■ **Data shown**
'''
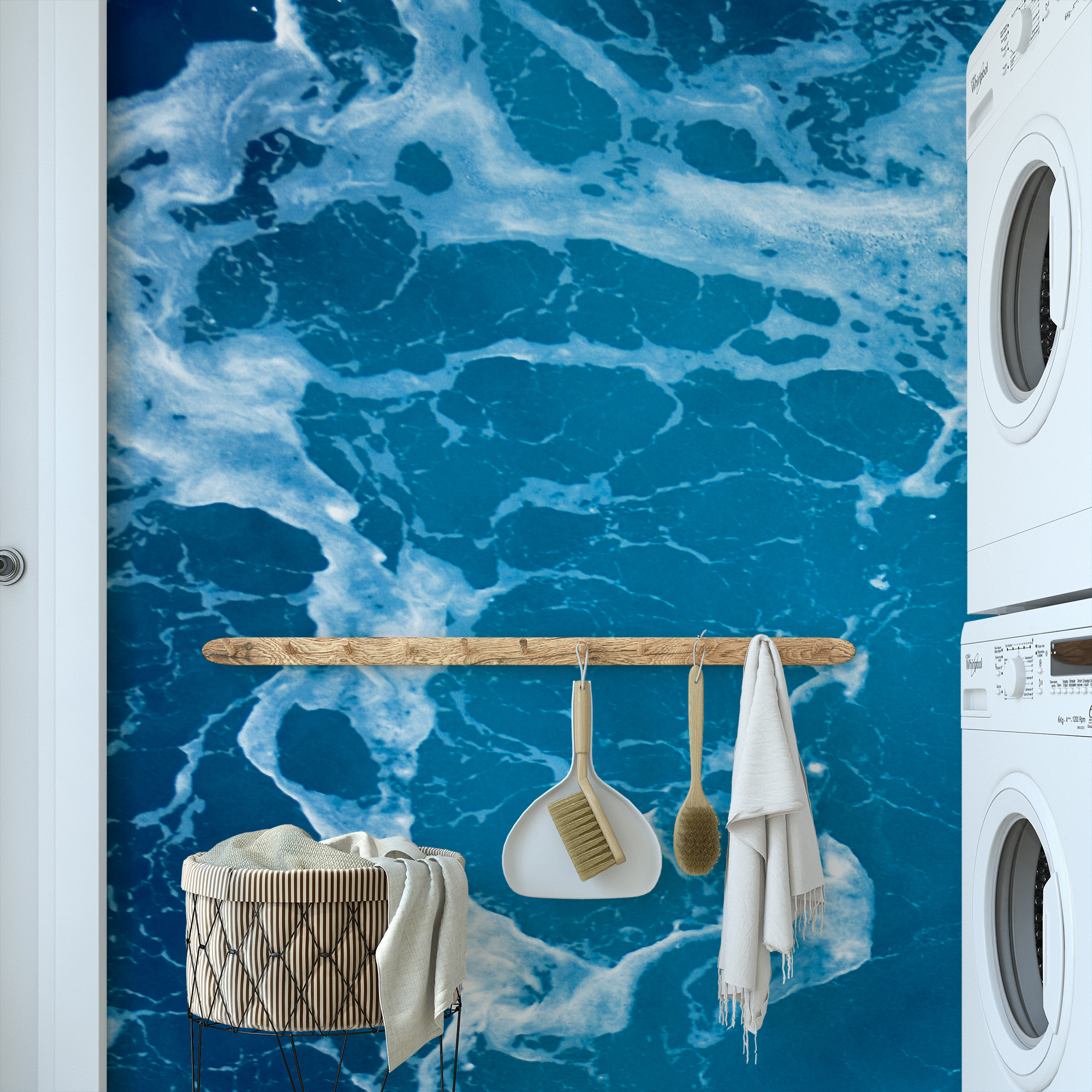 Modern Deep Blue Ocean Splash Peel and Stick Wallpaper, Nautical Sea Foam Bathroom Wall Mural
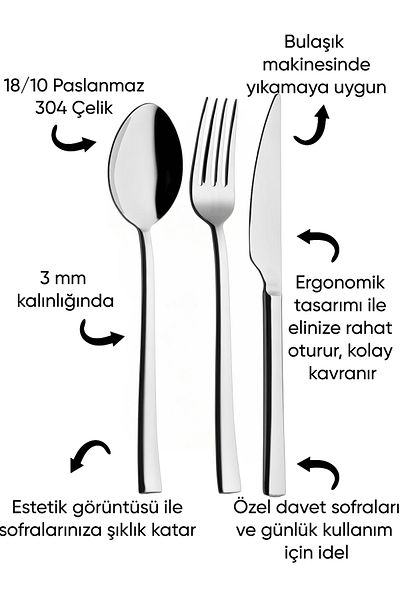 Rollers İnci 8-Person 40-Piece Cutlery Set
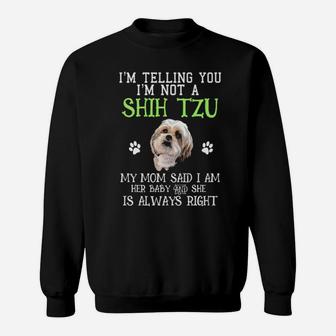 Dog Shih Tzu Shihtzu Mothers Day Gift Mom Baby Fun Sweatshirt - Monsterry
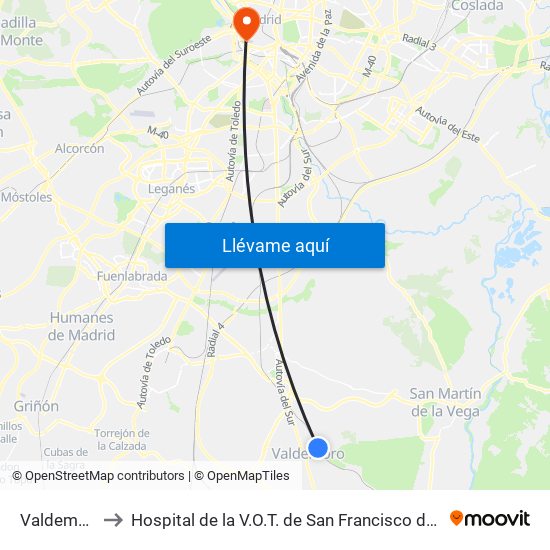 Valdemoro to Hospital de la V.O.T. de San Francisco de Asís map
'''
■ **What needs to be done**
Each line above should be returned exactly as written, apart from any pictures.

■ **Result of this exercise**
 Modern Deep Blue Ocean Splash Peel and Stick Wallpaper, Nautical Sea Foam Bathroom Wall Mural
 Rollers İnci 8-Person 40-Piece Cutlery Set
 Dog Shih Tzu Shihtzu Mothers Day Gift Mom Baby Fun Sweatshirt - Monsterry
 Valdemoro to Hospital de la V.O.T. de San Francisco de Asís map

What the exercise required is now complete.